■ **Exercise details**
Each line from the start of the entries through the line that contains "Асептический некроз кости. Асептический" should be output exactly, please.

■ **Materials provided**

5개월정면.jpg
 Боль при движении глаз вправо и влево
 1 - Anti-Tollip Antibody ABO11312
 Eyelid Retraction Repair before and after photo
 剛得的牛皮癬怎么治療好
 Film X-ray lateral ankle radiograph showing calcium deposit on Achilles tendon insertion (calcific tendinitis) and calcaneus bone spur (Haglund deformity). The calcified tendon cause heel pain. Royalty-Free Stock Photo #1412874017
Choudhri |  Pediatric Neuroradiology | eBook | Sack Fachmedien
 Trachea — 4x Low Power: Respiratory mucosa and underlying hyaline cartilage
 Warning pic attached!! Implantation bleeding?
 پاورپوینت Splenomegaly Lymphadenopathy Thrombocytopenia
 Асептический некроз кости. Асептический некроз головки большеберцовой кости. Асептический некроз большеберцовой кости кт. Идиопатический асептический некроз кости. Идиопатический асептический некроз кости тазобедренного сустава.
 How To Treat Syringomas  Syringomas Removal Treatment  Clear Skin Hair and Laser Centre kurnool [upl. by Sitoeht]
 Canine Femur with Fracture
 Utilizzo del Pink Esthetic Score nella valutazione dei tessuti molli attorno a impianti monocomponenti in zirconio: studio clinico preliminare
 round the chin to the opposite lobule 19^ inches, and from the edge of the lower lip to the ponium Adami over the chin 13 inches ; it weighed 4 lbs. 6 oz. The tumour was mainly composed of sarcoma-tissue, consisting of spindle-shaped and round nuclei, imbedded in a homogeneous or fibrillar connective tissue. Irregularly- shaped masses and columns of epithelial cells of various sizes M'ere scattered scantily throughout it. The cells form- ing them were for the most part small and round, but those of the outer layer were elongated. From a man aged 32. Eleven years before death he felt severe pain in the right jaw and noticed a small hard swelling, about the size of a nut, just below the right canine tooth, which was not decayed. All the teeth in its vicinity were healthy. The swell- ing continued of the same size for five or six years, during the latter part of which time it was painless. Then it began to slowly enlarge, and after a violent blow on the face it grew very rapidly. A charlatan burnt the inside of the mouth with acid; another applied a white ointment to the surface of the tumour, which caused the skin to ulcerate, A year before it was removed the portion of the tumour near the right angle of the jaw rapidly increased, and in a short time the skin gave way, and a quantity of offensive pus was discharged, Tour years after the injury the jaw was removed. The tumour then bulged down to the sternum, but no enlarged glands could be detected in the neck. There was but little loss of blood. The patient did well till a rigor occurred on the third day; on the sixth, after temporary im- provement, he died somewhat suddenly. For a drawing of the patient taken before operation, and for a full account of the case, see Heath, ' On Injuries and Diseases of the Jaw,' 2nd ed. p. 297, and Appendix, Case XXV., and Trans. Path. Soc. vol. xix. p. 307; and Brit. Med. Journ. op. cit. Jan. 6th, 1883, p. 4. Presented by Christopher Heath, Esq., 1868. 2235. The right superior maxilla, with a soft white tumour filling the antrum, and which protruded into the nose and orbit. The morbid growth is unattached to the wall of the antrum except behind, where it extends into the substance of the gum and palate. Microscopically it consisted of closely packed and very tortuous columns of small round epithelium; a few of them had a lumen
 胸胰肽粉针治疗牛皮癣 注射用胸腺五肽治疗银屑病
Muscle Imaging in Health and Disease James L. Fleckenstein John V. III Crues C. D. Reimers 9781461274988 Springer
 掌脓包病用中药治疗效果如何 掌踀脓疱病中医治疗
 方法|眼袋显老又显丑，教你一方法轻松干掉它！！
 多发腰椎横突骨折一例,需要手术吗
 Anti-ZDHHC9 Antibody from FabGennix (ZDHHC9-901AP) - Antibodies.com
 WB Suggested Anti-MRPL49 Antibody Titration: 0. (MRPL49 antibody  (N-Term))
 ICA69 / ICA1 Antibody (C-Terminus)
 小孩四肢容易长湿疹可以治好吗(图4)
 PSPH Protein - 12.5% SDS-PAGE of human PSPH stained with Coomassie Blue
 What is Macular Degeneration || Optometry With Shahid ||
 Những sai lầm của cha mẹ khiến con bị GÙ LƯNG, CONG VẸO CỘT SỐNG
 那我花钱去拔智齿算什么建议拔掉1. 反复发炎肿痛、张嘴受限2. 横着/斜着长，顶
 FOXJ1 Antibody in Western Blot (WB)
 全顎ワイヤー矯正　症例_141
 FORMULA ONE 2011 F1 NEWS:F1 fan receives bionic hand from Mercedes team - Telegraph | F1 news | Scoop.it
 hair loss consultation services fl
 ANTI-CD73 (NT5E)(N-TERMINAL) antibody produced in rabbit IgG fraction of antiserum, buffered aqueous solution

■ **Result for this task**
5개월정면.jpg
 Боль при движении глаз вправо и влево
 1 - Anti-Tollip Antibody ABO11312
 Eyelid Retraction Repair before and after photo
 剛得的牛皮癬怎么治療好
 Film X-ray lateral ankle radiograph showing calcium deposit on Achilles tendon insertion (calcific tendinitis) and calcaneus bone spur (Haglund deformity). The calcified tendon cause heel pain. Royalty-Free Stock Photo #1412874017
Choudhri |  Pediatric Neuroradiology | eBook | Sack Fachmedien
 Trachea — 4x Low Power: Respiratory mucosa and underlying hyaline cartilage
 Warning pic attached!! Implantation bleeding?
 پاورپوینت Splenomegaly Lymphadenopathy Thrombocytopenia
 Асептический некроз кости. Асептический некроз головки большеберцовой кости. Асептический некроз большеберцовой кости кт. Идиопатический асептический некроз кости. Идиопатический асептический некроз кости тазобедренного сустава.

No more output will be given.